7. Land Of Talk (21) – Finally, after long last, released their debut full-length and while it’s not the kick upside the head that Applause Cheer Boo Hiss was, it’s still a worthy effort. But factor in that Liz Powell is the newest Broken Social Scene chanteuse and that Land Of Talk is opening up for BSS on their North American tour…
8. Two Hours Traffic (18) – Utterly relentless touring machines and purveyors of note-perfect power pop. It’s amazing that a band from such a wintry country can so perfectly capture the spirit of Summer.
9. Bruce Peninsula (5) – The first recorded fruits of this Toronto collective have shown that the otherworldy power of their live shows can indeed be captured on tape, which means that soon they’ll no longer be just the secret of those who’ve seen them perform.
MySpace: Bruce Peninsula
I’m sure some would like to use this poll as a mid-year barometer for next year’s Polaris Music Prize noms but considering the sample group for this was a lot smaller and narrower, that’s probably reaching a bit. And speaking of the Polaris, the gala ceremony from September will be broadcast on CityTV across the country this Saturday night, November 8, at 7PM local time. Considering I missed out on most of the show, I’d like to see this… but I don’t have cable. So I will miss it again. But at least I know how it ends.
Feist – my number one but the list’s number fifteen – has been making the most of her return to Toronto this past week. There was a pair of secret club shows , one at the Rivoli and one at the Cameron House, a relatively intimate gig at Massey Hall on Saturday night and tonight, her big show at the Air Canada Centre. And it was just announced that November 25 will bring a deluxe edition of The Reminder, featuring a bonus disc of remixes, all the album’s videos (The Toronto Star has an interview with the director of them all) and the cover of Kenny and Dolly’s “Islands In The Stream” with Constantines – and for everyone who bought the album a year and a half ago when it was released, the bonus goods will be available for sale digitally on their own.
The D’Urbervilles, who come in at #17 on the list, have announced a two-night stand at the Tiger Bar that they’ve playfully named “Rock Em Sock Em 1 and 2″ on December 12 and 13th. Night one will feature The D’Urbs along with Katie Stelmanis (also of band #5, Bruce Peninsula) and Mantler while on night two, they’ll welcome Bocce and Slow Hand Mortem as their guests.

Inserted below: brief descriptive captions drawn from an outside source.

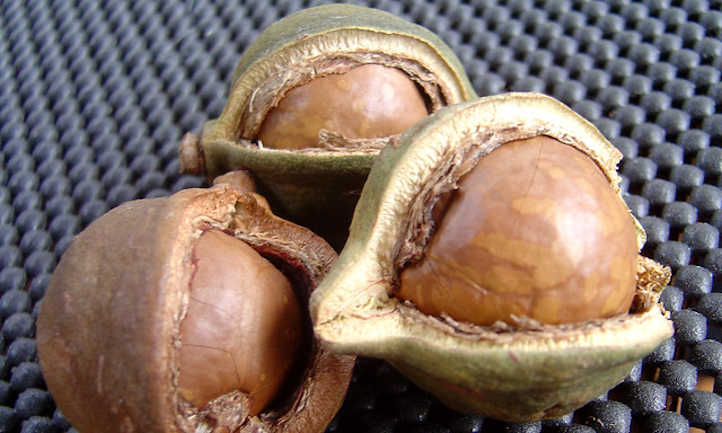 Macadamia nuts in shell and hull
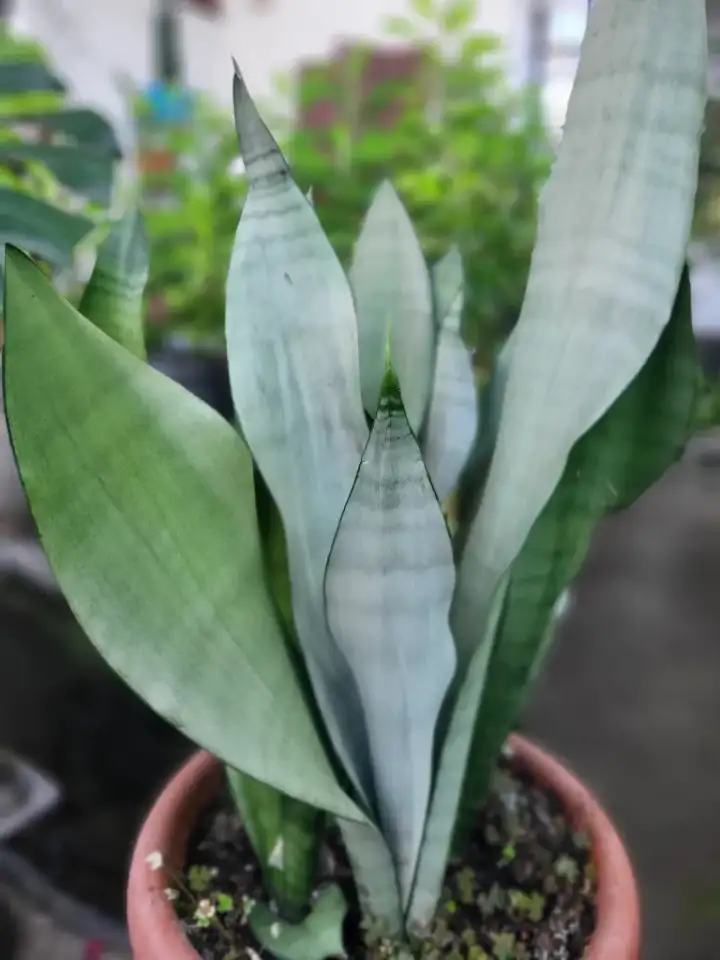 Продам Сансевиерию, фотография 3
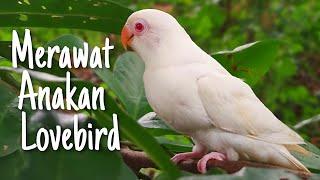 Cara Merawat Anakan Lovebird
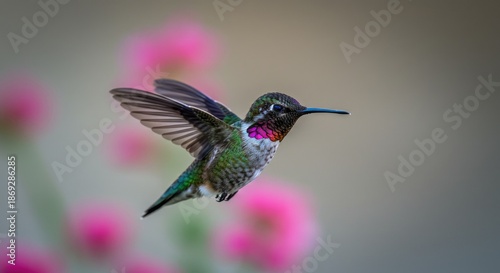  Vibrant Hummingbird Captured in Dynamic Mid-Flight Hovering with Iridescent Feathers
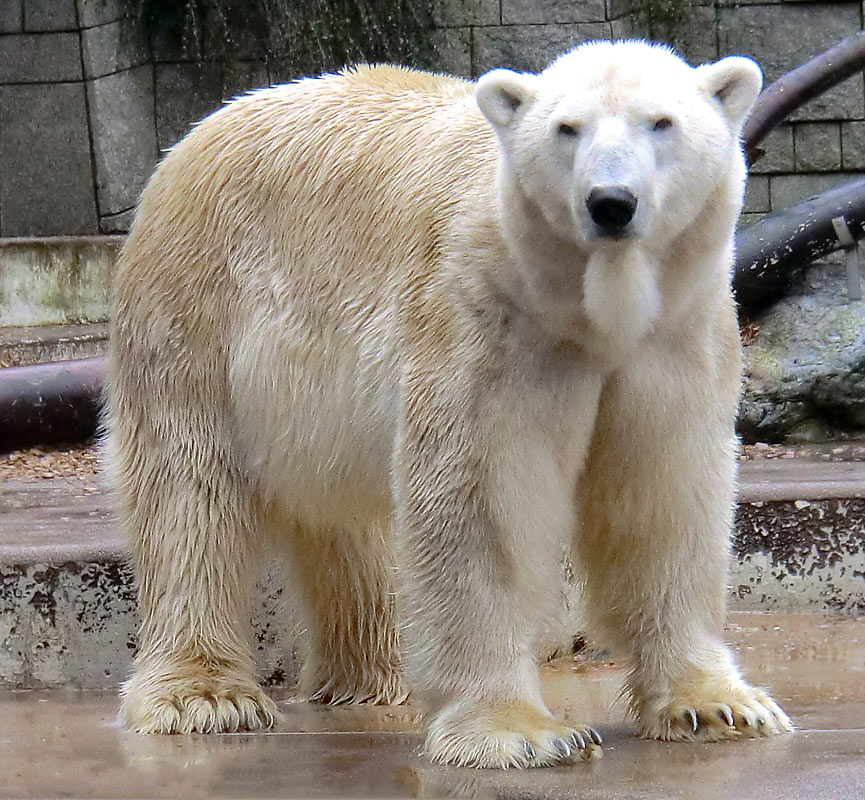 Eisbär LARS am 21. Januar 2012 im Zoologischen Garten Wuppertal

Woodpigeon rated highly on my list, but evidently not many others’. I prefer to think of myself as simply being that much ahead of the curve instead of being out of touch. Just wait. Noize Makes Enemies talked to frontman Mark Hamilton about the origins of their first album Songbook, which was just released in the UK.

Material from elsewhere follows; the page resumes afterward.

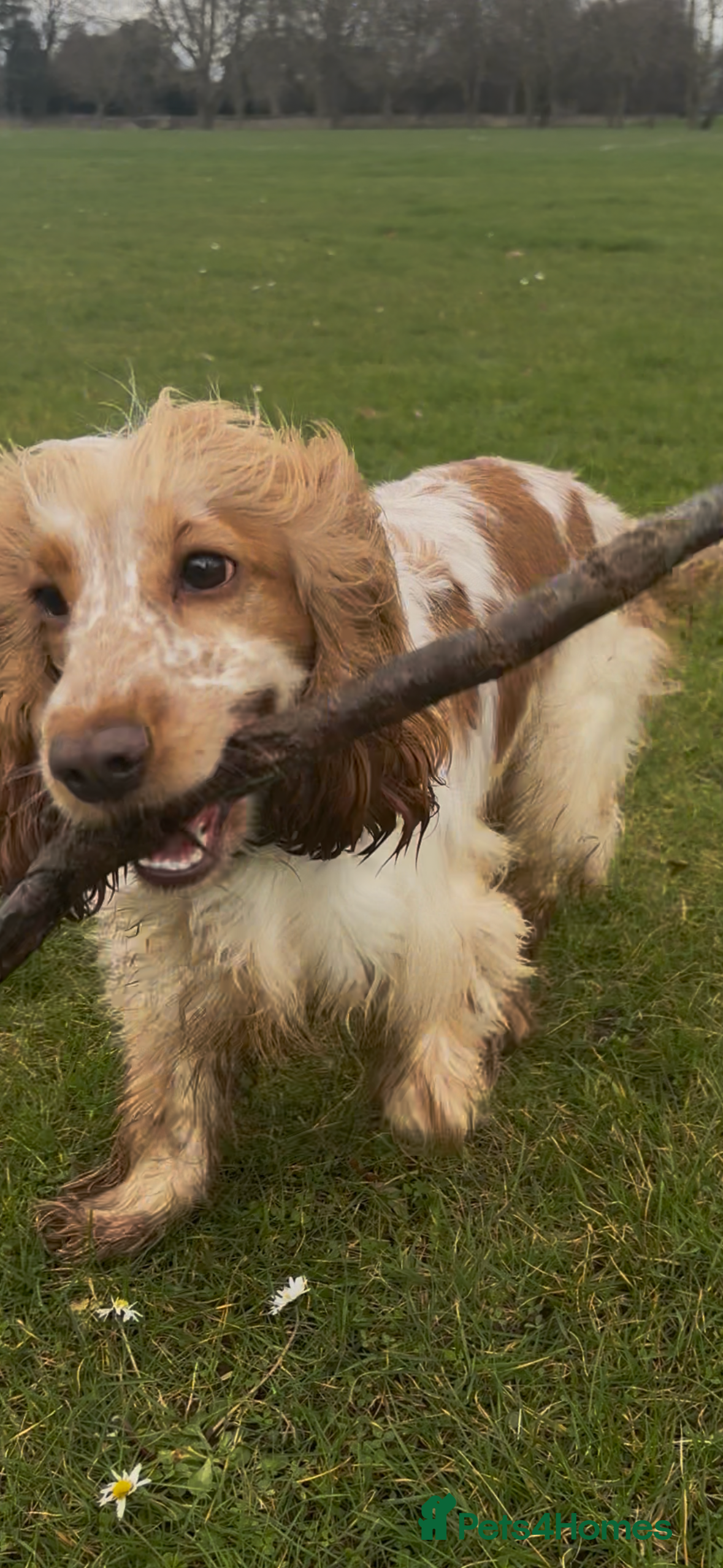 Cocker Spaniel dogs Female cocker spaniel  in Wirral - Advert 2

The Bicycles will release their new album Oh No It’s Love on Tuesday,
the same day they play a release party at Lee’s Palace and an in-store at Soundscapes at 7PM the instore at Soundscapes is on Tuesday at 7PM, the Lee’s gig is on Saturday. Sorry for the confusion, which appears to have been mostly mine.

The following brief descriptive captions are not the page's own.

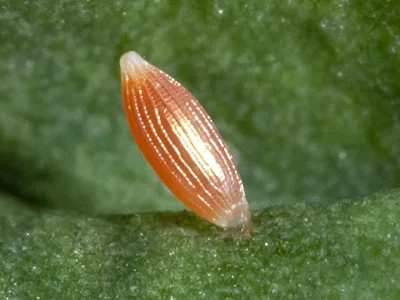 Colias alfacariensis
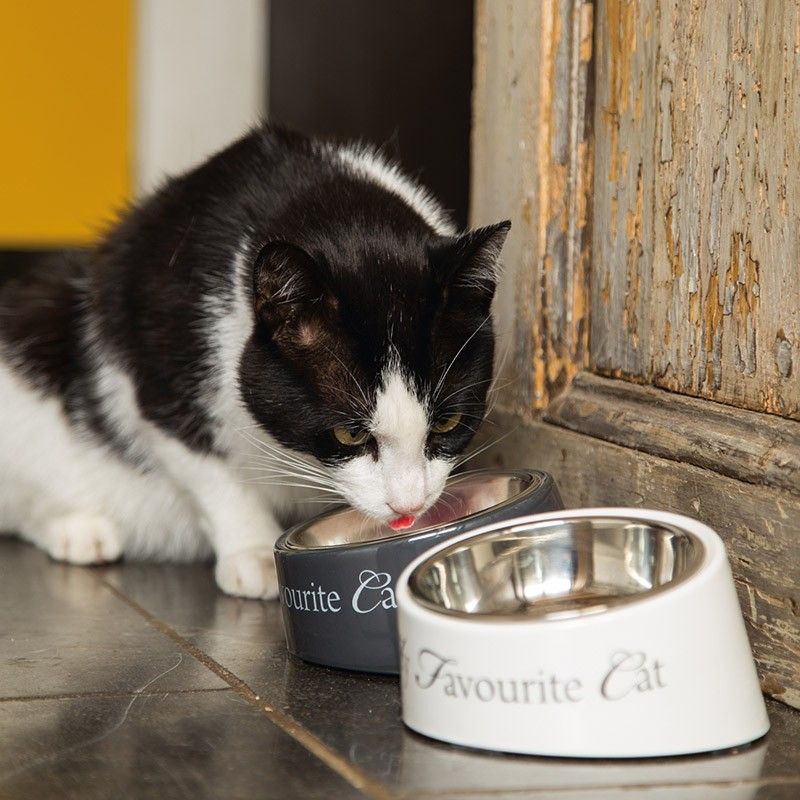 DESIGNED BY LOTTE Gamelle My Favourite Cat – Gamelle inclinée pour chat – photo 2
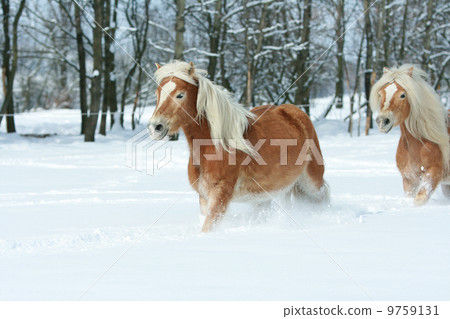 Two beautiful haflingers with long mane moving together in a lot 9759131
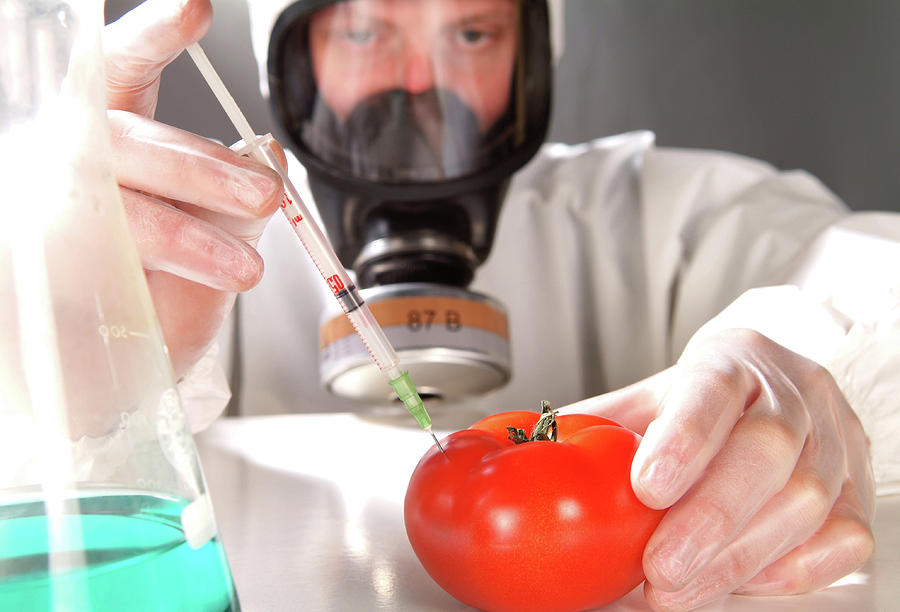 Tomato Photograph - Genetic Modification Of A Tomato by Cc Studio/science Photo Library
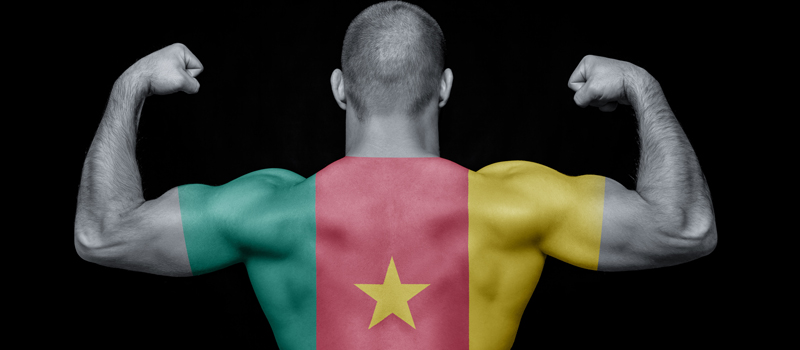 Seleção de Camarões força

Whilst on the topic of hottest things in a respective geographical area, I was pleased to see that NOW named this site as “Best Music Website” in this year’s “Best Of Toronto” issue – not just for the kudos, but because in the six-plus years I’ve been doing this, I think this is just the second time the magazine has acknowledged my existence. Not that I’m keeping score or anything.
NPR enumerates their musical love of Canada.